The next season, I was dedicated to doing what I consider the hardest thing to do in sports: defending a title. Coach Pate (my sprints coach after Coach Turner) and I were in lock step in my training, allowing me to reach a level of athleticism that made me finally feel like a D1 athlete. As each meet passed, we kept refining knowing that I was about to produce a big performance. Then, we got to the ACC Championships, hosted by Notre Dame.
It would be my last meet in Loftus, on the five-year anniversary of the first time I had walked into the building as a high school senior, the building in which I had my first job in and my first collegiate meet. That weekend I ran the fastest open 400m race of my life (47.81), and split a 46 on the DMR. At the end of the meet I had the choice of not running the 4x400m relay. We weren’t expected to score in that event, and the coaches didn’t want to risk injury.
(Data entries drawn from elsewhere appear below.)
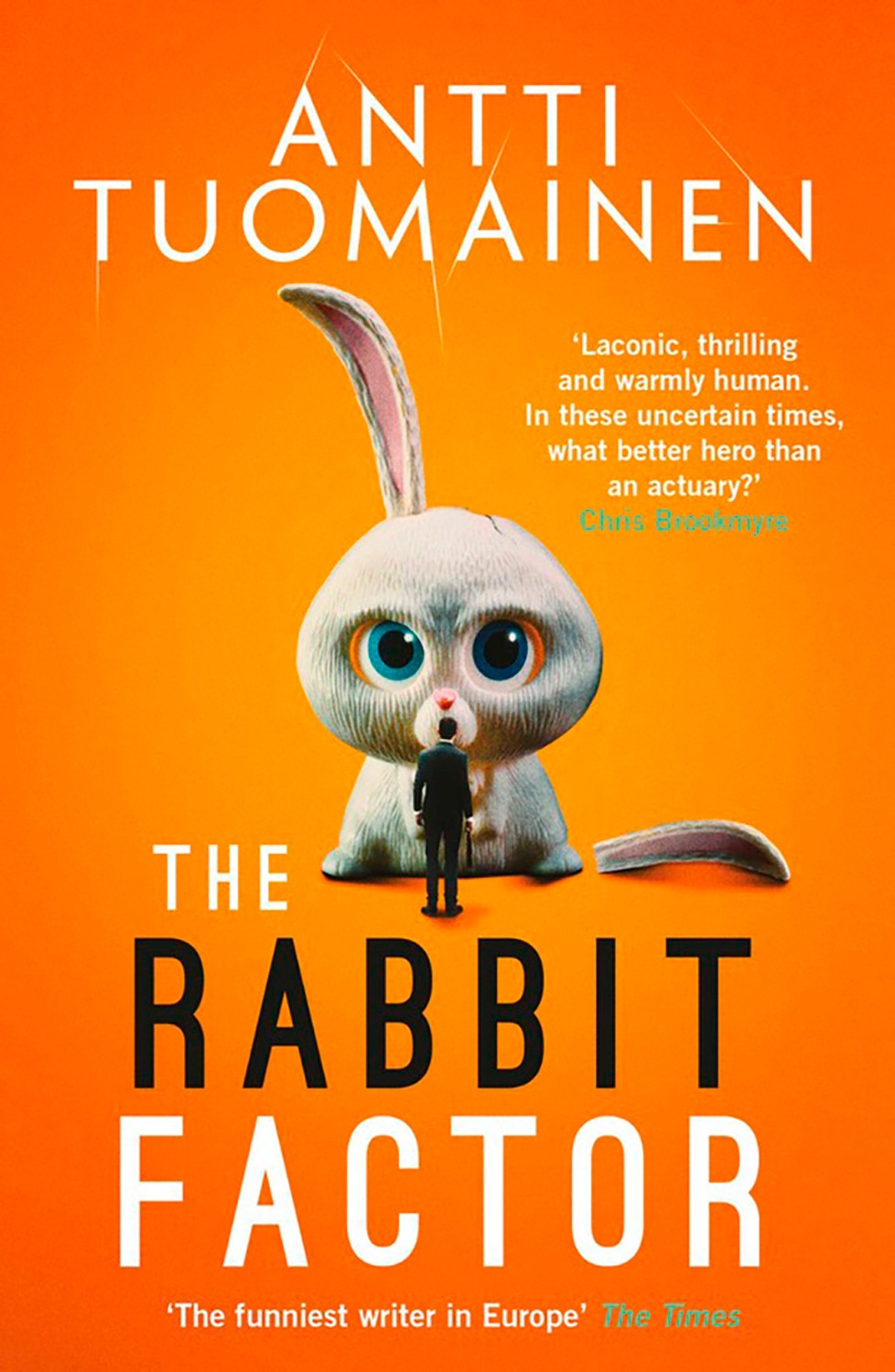 

The Rabbit Factor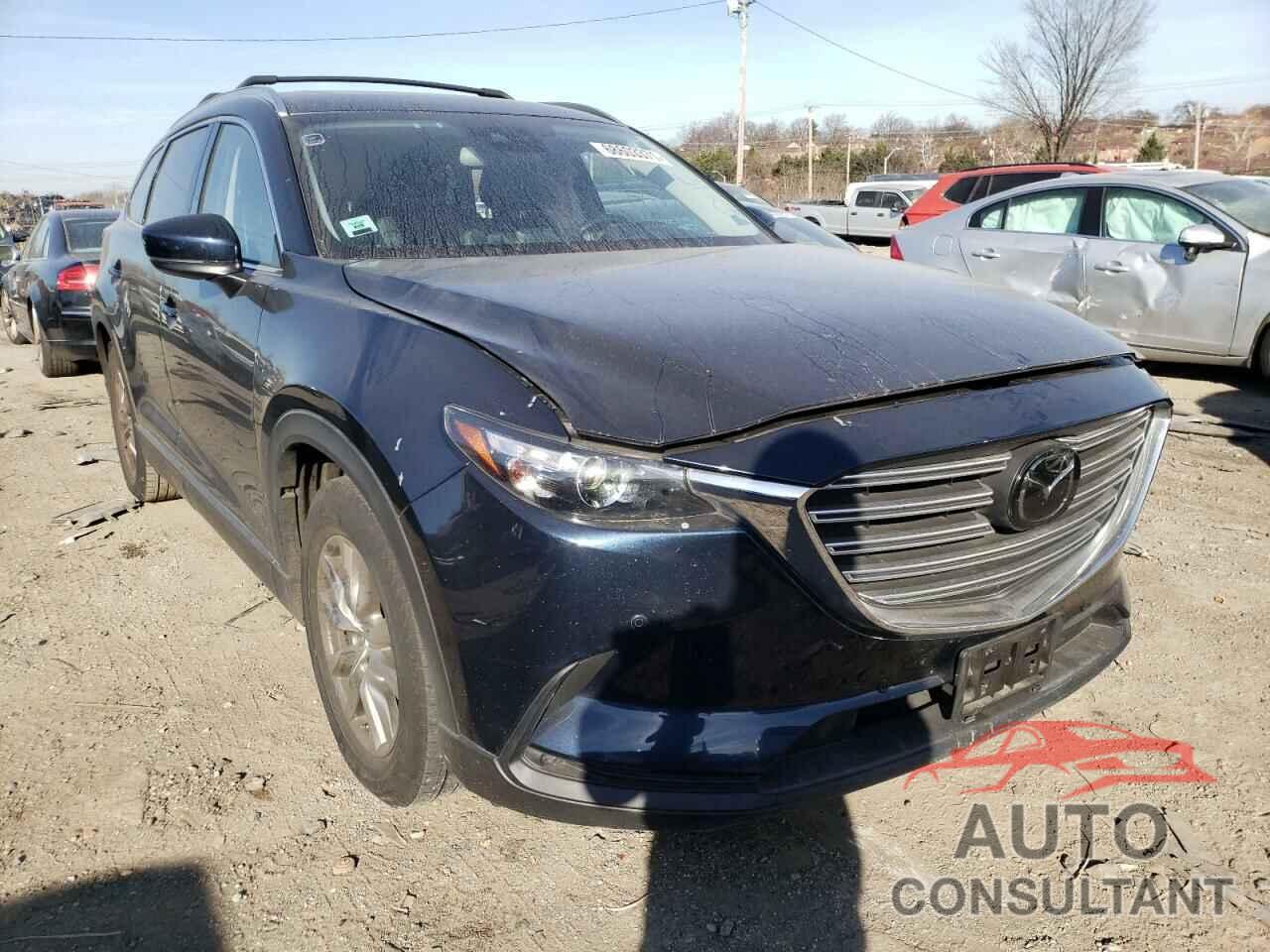 MAZDA CX-9 2018 - JM3TCBCY6J0230054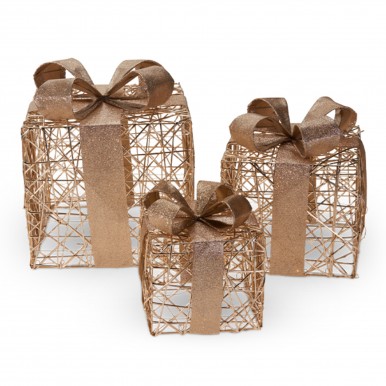 Caixa presente natal JOM AMZ200630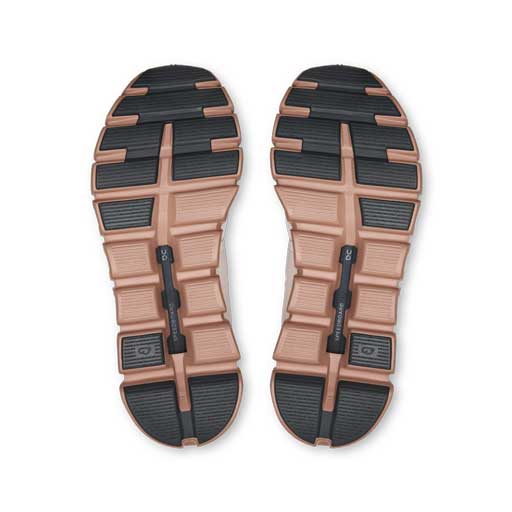 Women's Cloud 6 - Oyster/Biscuit - Regular (B)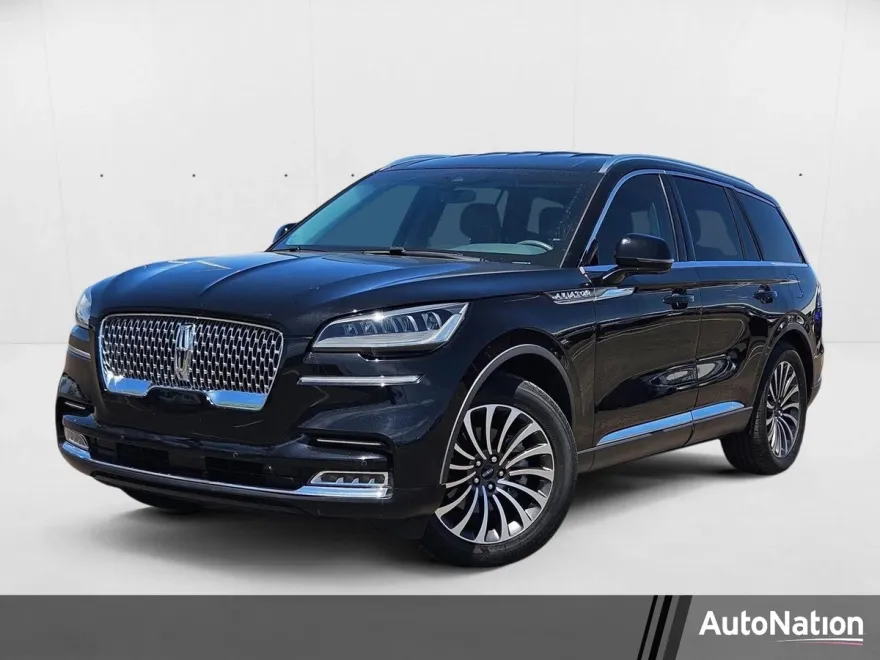 2020 Lincoln Aviator Reserve photo 1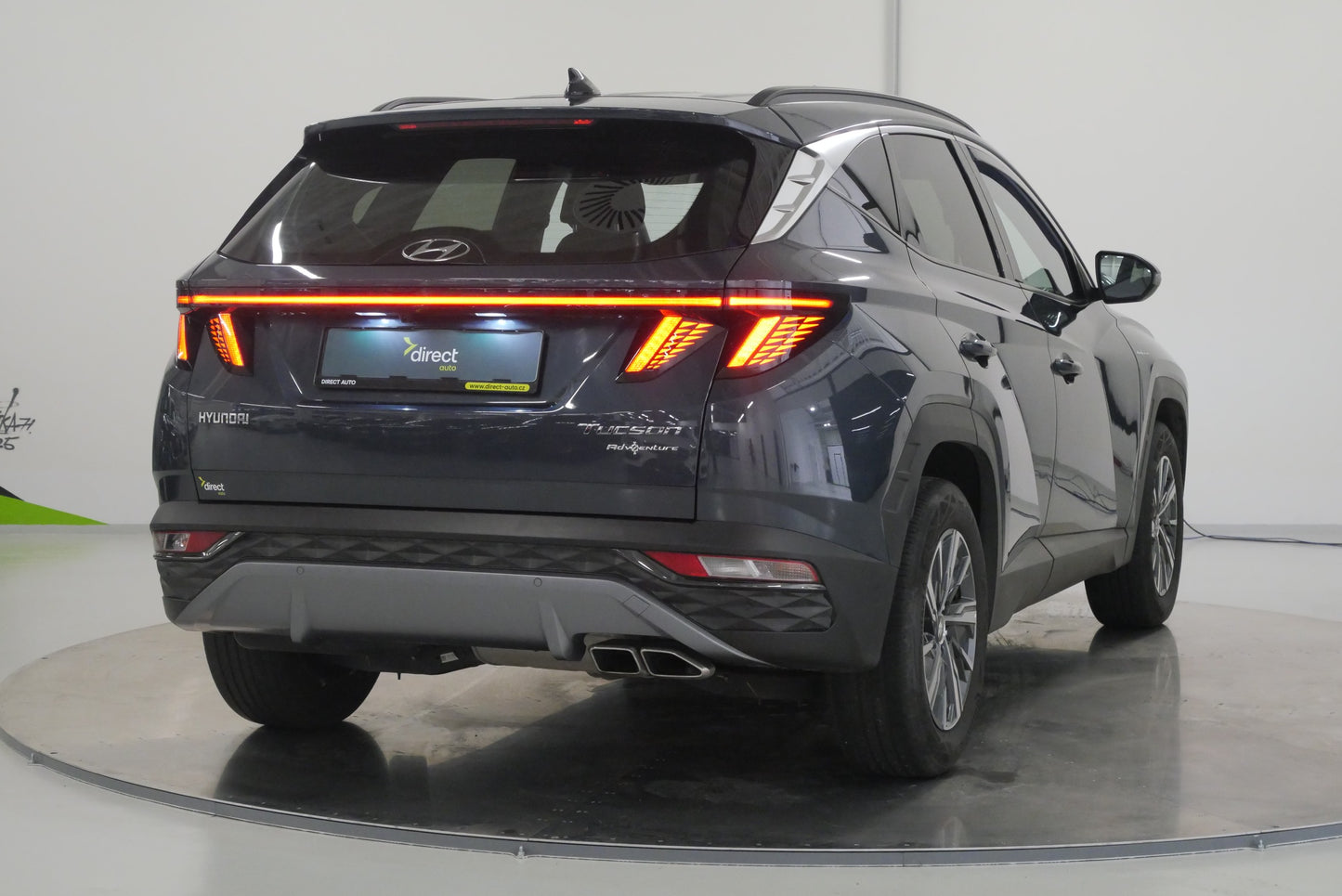 Hyundai Tucson 1.6 CRDI 85 kW Adventure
But I had a feeling I needed to run that race, so I did.
It would end up being one of my best races. And the last race of my college career.
The NCAA would shut down less than two weeks later, 24 hours before the start of the National Meet. That was painful. I loved Track and Field, and to have the sport taken away when I was starting to blow up on the track was hard to process.
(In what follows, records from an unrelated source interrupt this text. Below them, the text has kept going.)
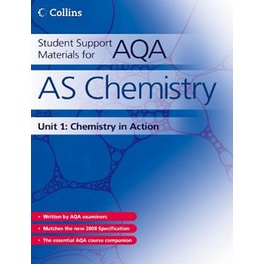 AS Chemistry Unit 1
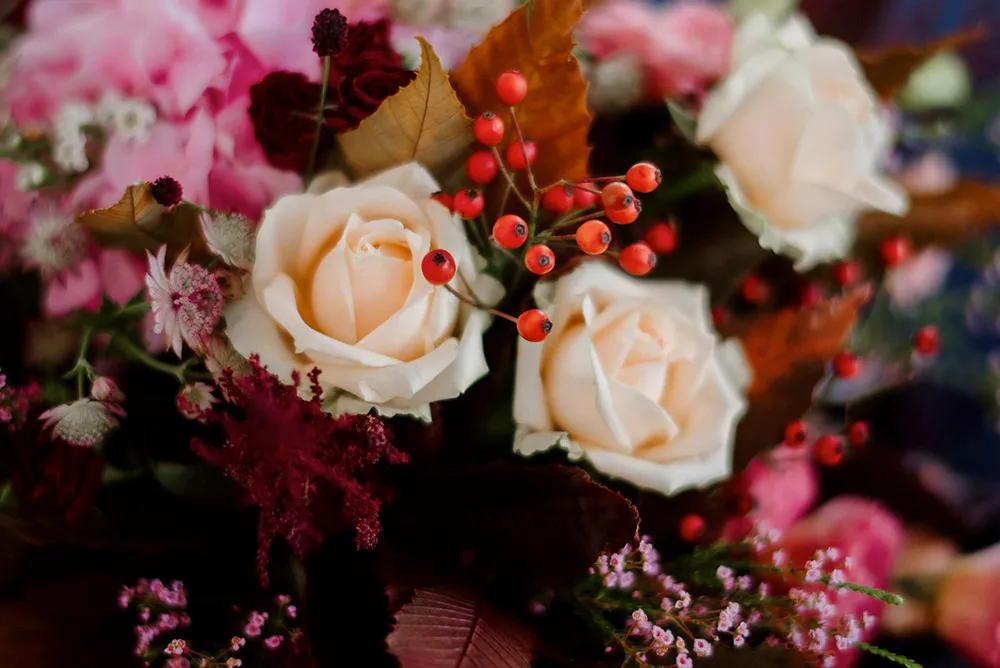 Photo by Bloc Memoire Photography. theweddingnotebook.com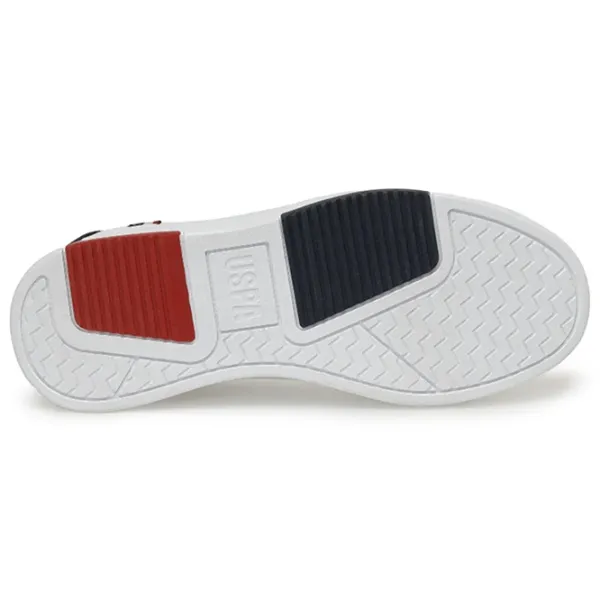 Adidași pentru femei U.S. Polo Assn. Andrei 3PR Primăvară/ White photo 6 Adidași pentru femei U.S. Polo Assn. Andrei 3PR Primăvară/ White photo 6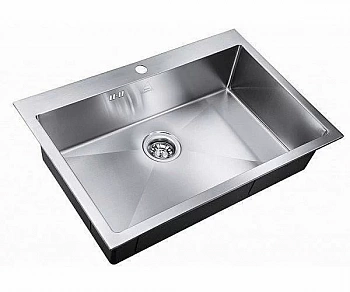 Мойка для кухни ZORG Steel Hammer R SH R 7551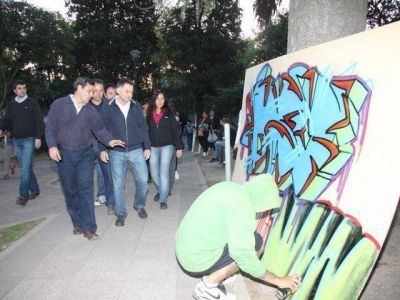 Finaliz� la muestra "Arte X+ Arte"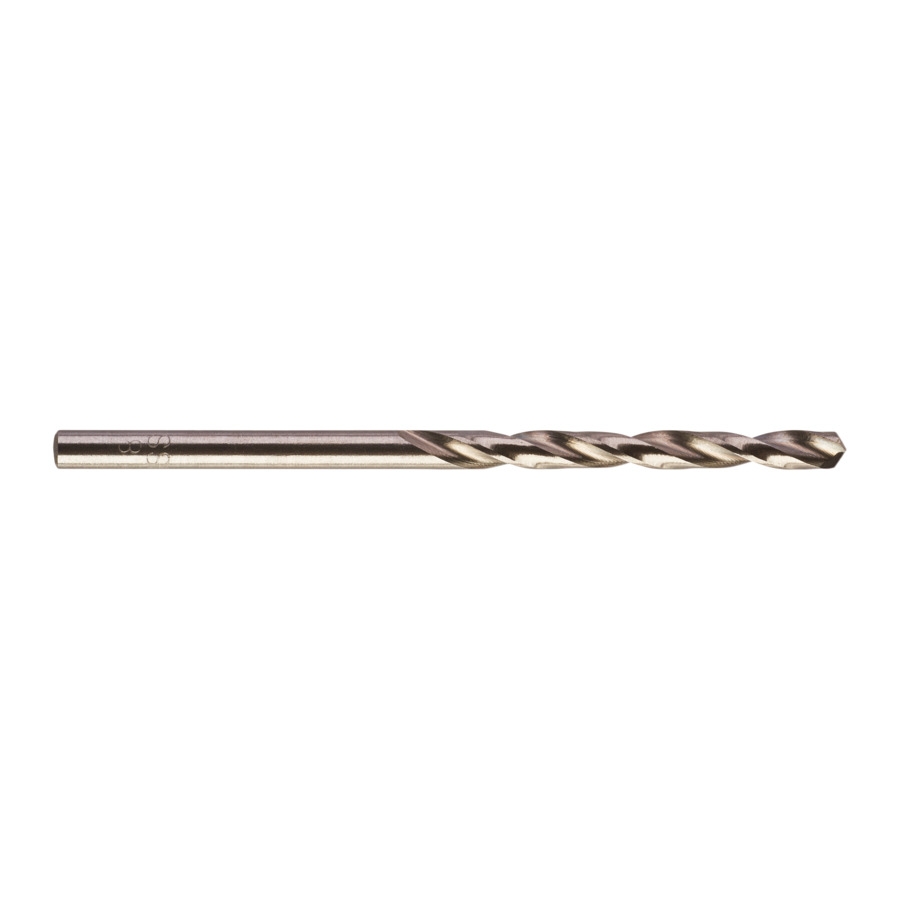 Milwaukee - Metallbohrer HSS-G 3.8x75mm (10) TH-WEB - 4932430547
But it became a lesson in acceptance. You will be forced to move on from things when you aren’t ready to, and you will be justified in being upset at first. But being able to move on and make the most of a situation is how you grow.
As for the larger lesson here: When God asks you to take a leap of faith, take it. I gave up track because I felt moved to come here. Now, I have the highest award a collegiate runner can have, and in the most unorthodox manner.
My story does not happen if I shy away from taking the difficult path. It doesn’t happen if I don’t have faith that God doesn’t give you anything you cannot handle. It is this faith that has allowed me to be grounded in today’s tumult, and not worry about tomorrow’s outlook.
Reader, if you feel that you are being pulled to take a leap of faith, Jump. And do so Zealously.